By Al Kaufman
Ontario's Serena Ryder won the 2008 Juno (Canada's version of the Grammy) Award for Best New Artist for Is It O.K.. Granted, Canada is home to the likes of Bryan Adams, Anne Murray, Celine Dion and Corey Hart, but Neil Young, Daniel Lanois, Feist and Leonard Cohen call the Great White North home as well, so competition (which included Suzie McNeil, the last woman eliminated from the TV show Rock Star: INXS) may have been tough; or maybe not.
Ryder will probably not net a Grammy anytime soon in the U.S., but she deserves to be known. She has rich, passionate vocals that resonate with sincerity. She comes on like a slightly softer version of Melissa Etheridge, especially when she sings lines like, "I'm not broken/You can't fix me" (from "Blown in the Wind"), or lets loose in all out rockers like "Little Bit of Red" and "What I Wanna Know."
But there's more to her than that. She demonstrates a certain sweetness and vulnerability in "Truth," and has a delicious warble to her voice in "Hiding Place." On "Sweeping the Ashes" and the title track, she even displays a Dolly Parton lilt in her vocals that adds the perfect amount of sexiness. But that doesn't even come close to "Weak in the Knees," in which she displays her vulnerability in such a way that any guy to whom she sings the song will end up with the same jellying of the legs result.
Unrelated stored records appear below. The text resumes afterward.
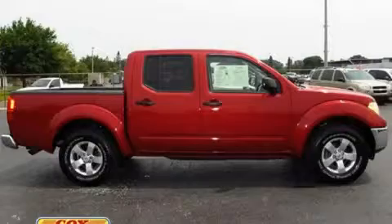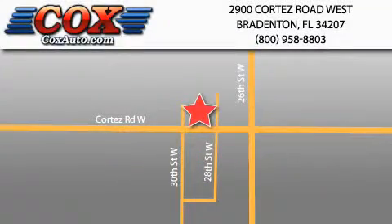This vehicle is sure to sell fast. Call and arrange your test drive today. Be sure to take advantage of our first year complimentary basic maintenance on every pre-owned vehicle purchased from Cox Automotive.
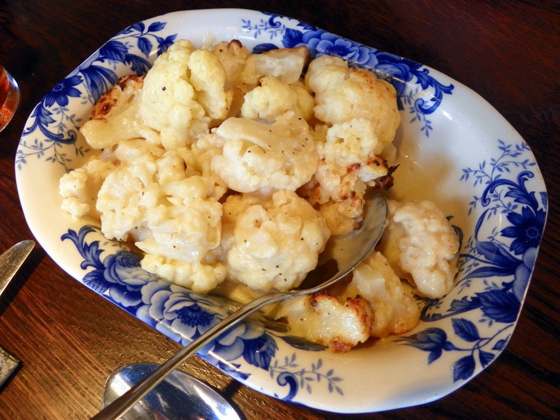Cauliflower cheese consists of pieces of cauliflower lightly boiled and covered with a milk-based cheese sauce, for which a mature cheese, such as cheddar, tends to be preferred. A more elaborate white sauce or cheddar cheese sauce flavored with English mustard and nutmeg may also be used. The dish is topped with grated cheese, sometimes mixed with bread crumbs, and baked in the oven to finish it.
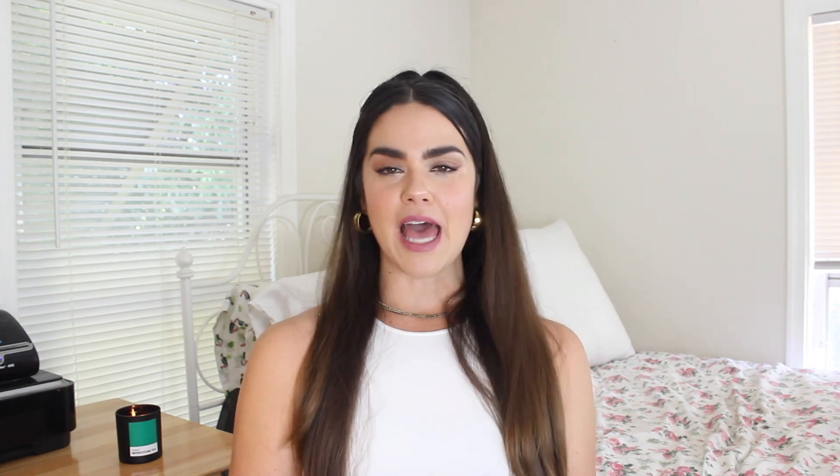Thank you so much for tuning in with me this week. If this video helped you understand the different investing strategies and figure out which one is best for you, please make sure to give it a thumbs up. I release a new video every Saturday that talks about investing, wealth building, and how to become a rich bitch. So if that is something that is interesting to you, please make sure to subscribe to my channel and I will see you soon. Bye!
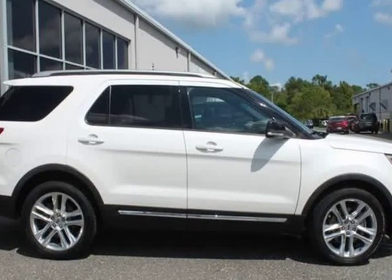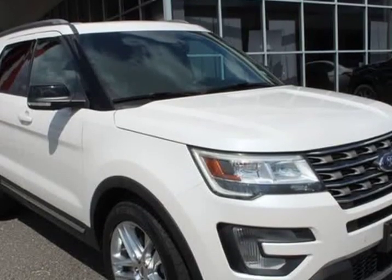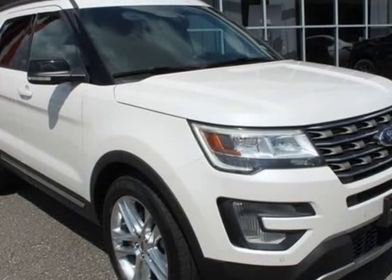Side view mirror, auto dimming rear view mirror, BLIS blind spot information system, BLIS plus inflatable rear safety belts package.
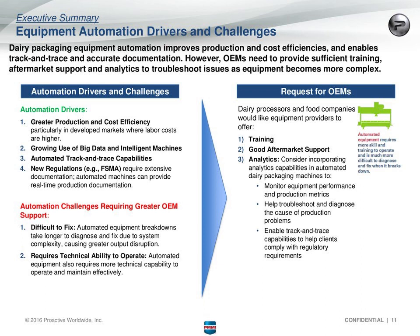When asked specifically about what's driving automation capabilities for dairy packaging equipment, it was really all about achieving greater production and cost efficiency — particularly in developed markets where labor costs are higher, most often mentioned in North America and Western Europe. Also, with the growing use of big data and intelligent machines, that is enabling track-and-trace capabilities and accurate documentation. One respondent talked about how if automated machines can help him manage that documentation burden, that would absolutely be a differentiator for him.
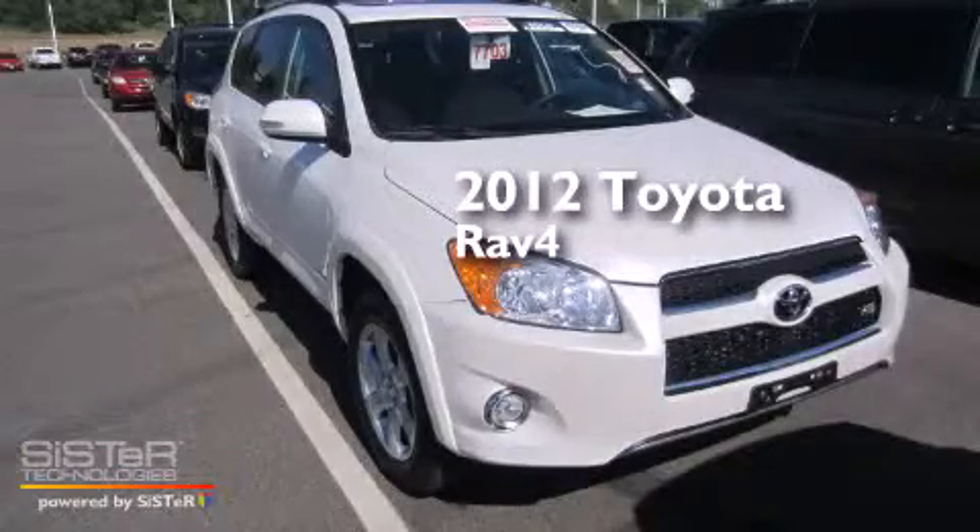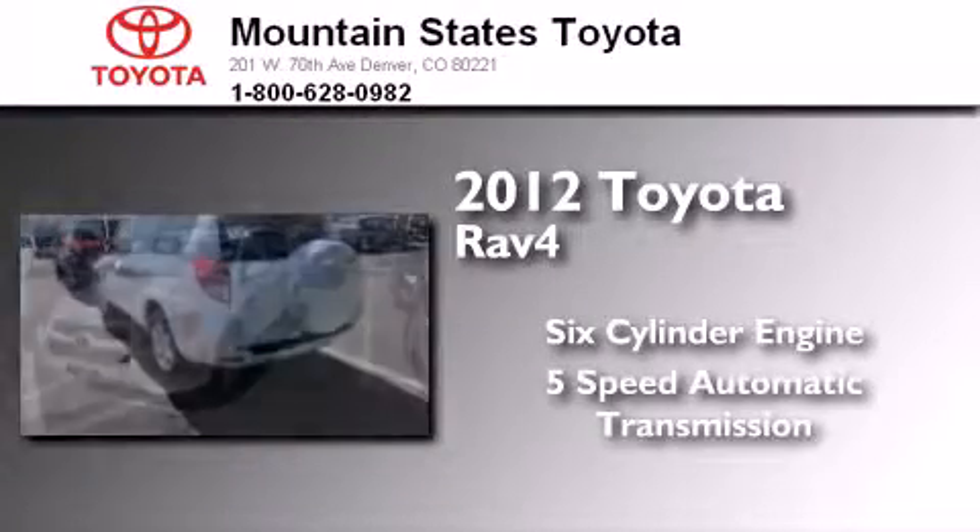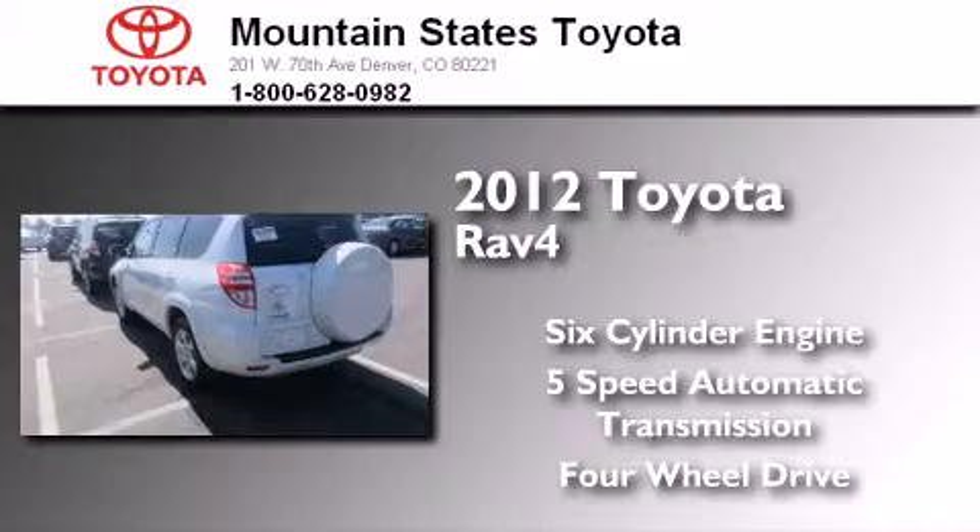This is a certified pre-owned 2012 Toyota RAV4. It has a six-cylinder engine, a five-speed automatic transmission, and the added capability of four-wheel drive.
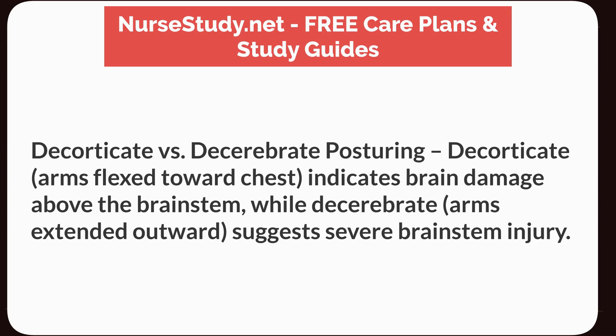Decorticate versus decerebrate posturing. Decorticate: arms flexed toward the chest, indicates brain damage above the brainstem. While decerebrate: arms extended outward, suggests severe brainstem injury.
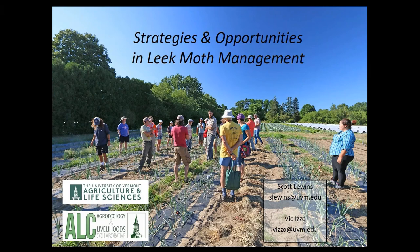Welcome everybody to this week's webinar session on Leek Moth Management, led by Vic Izzo and Scott Lewins of UVM. Great to have you both here. Take it away.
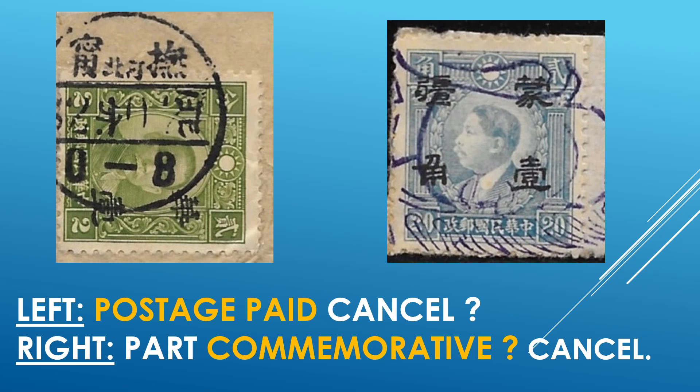Here we have all Chinese language postmarks. The one on the left reads, to the best of my ability, 'postage paid' on this Japanese occupation stamp. The one on the right is a small part of what appears to be a commemorative cancel, also in color — a violet or bluish type, probably more like a violet inking was used.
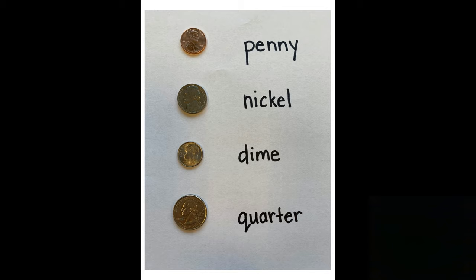The second coin is the nickel. The nickel is silver in color and it's worth five cents. So if you had a bunch of nickels and you were wanting to count them, you would count by fives: five, ten, fifteen, twenty. Each time you count one nickel, it would be five more and then five more. The nickel is a little bit larger than the penny and a different color, so they're easy to tell apart.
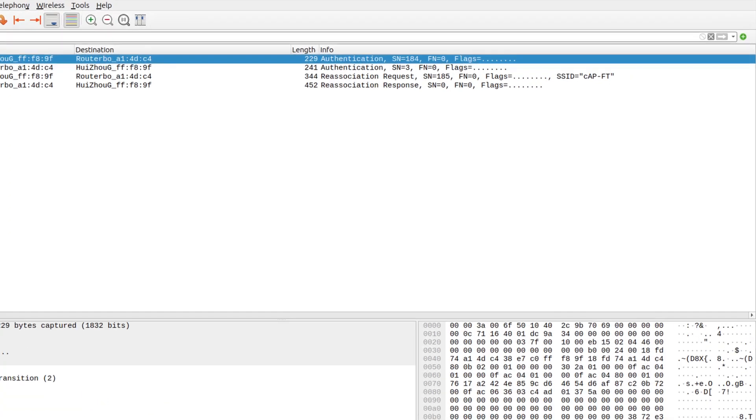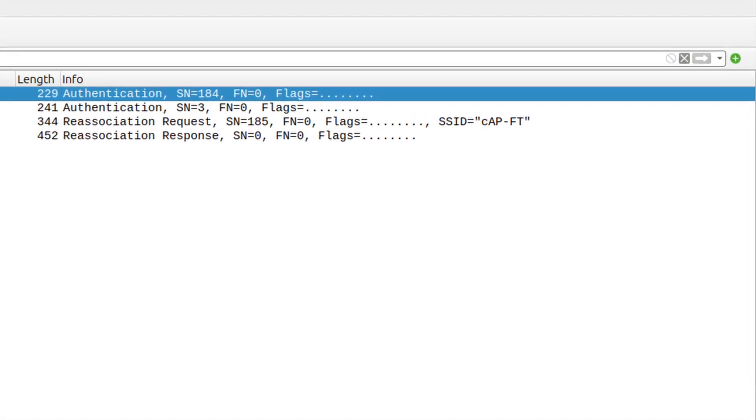With the improved authentication procedures of 802.11r, a client device performs all these steps during its initial connection to the network, but after that it can connect to other APs much quicker. This is particularly important for real-time traffic, such as calls or video streaming over network. And because such roaming does not come with the downsides of interrupted connectivity, client devices are more eager to do it, so they are more likely to always be connected to the AP with the strongest signal.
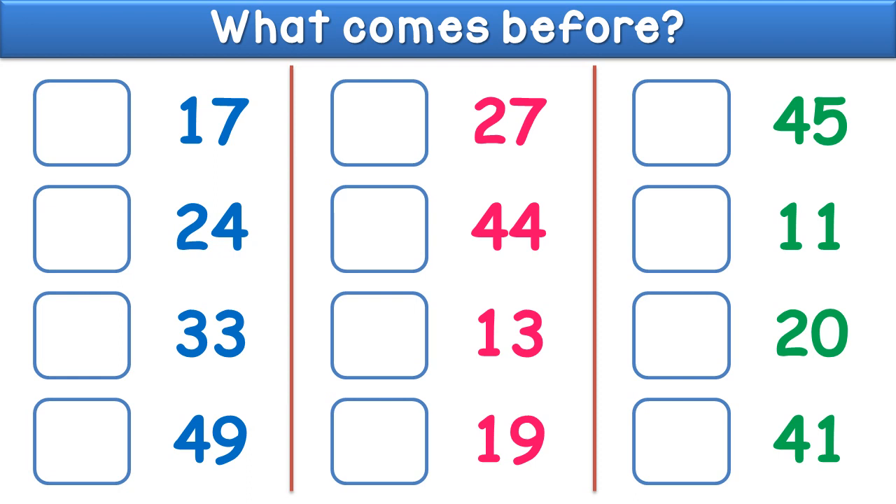What comes before seventeen? The answer is sixteen. What comes before twenty four? The answer is twenty three. What comes before thirty three?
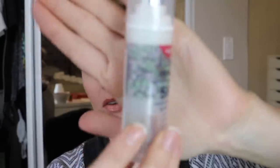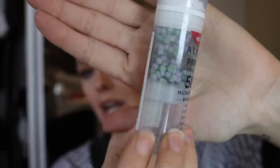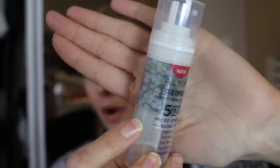Let's start with face primers. I felt like this was a category where I could pick more than one, so I did pick two primers to use up this year. The first one is the Almay 5-in-1 primer — one of my favorite primers. It's a great drugstore primer, really good for all skin types. It's very hydrating and it has color correcting beads in it. I haven't owned it that long but I've already used up half. I feel like this will be really easy to get through since I like reaching for it and you use quite a bit when you apply it to your full face.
There's nothing new here. This is guitar-driven rock 'n' roll led by a powerful vocalist trying to make sense or relationships and emotions, but it's the gentler touches that really make Ryder someone to consider as a force in the future. She has already been signed by Sarah McLachlan to play in the 2010 Lilith Fair, so the future may quickly become the now.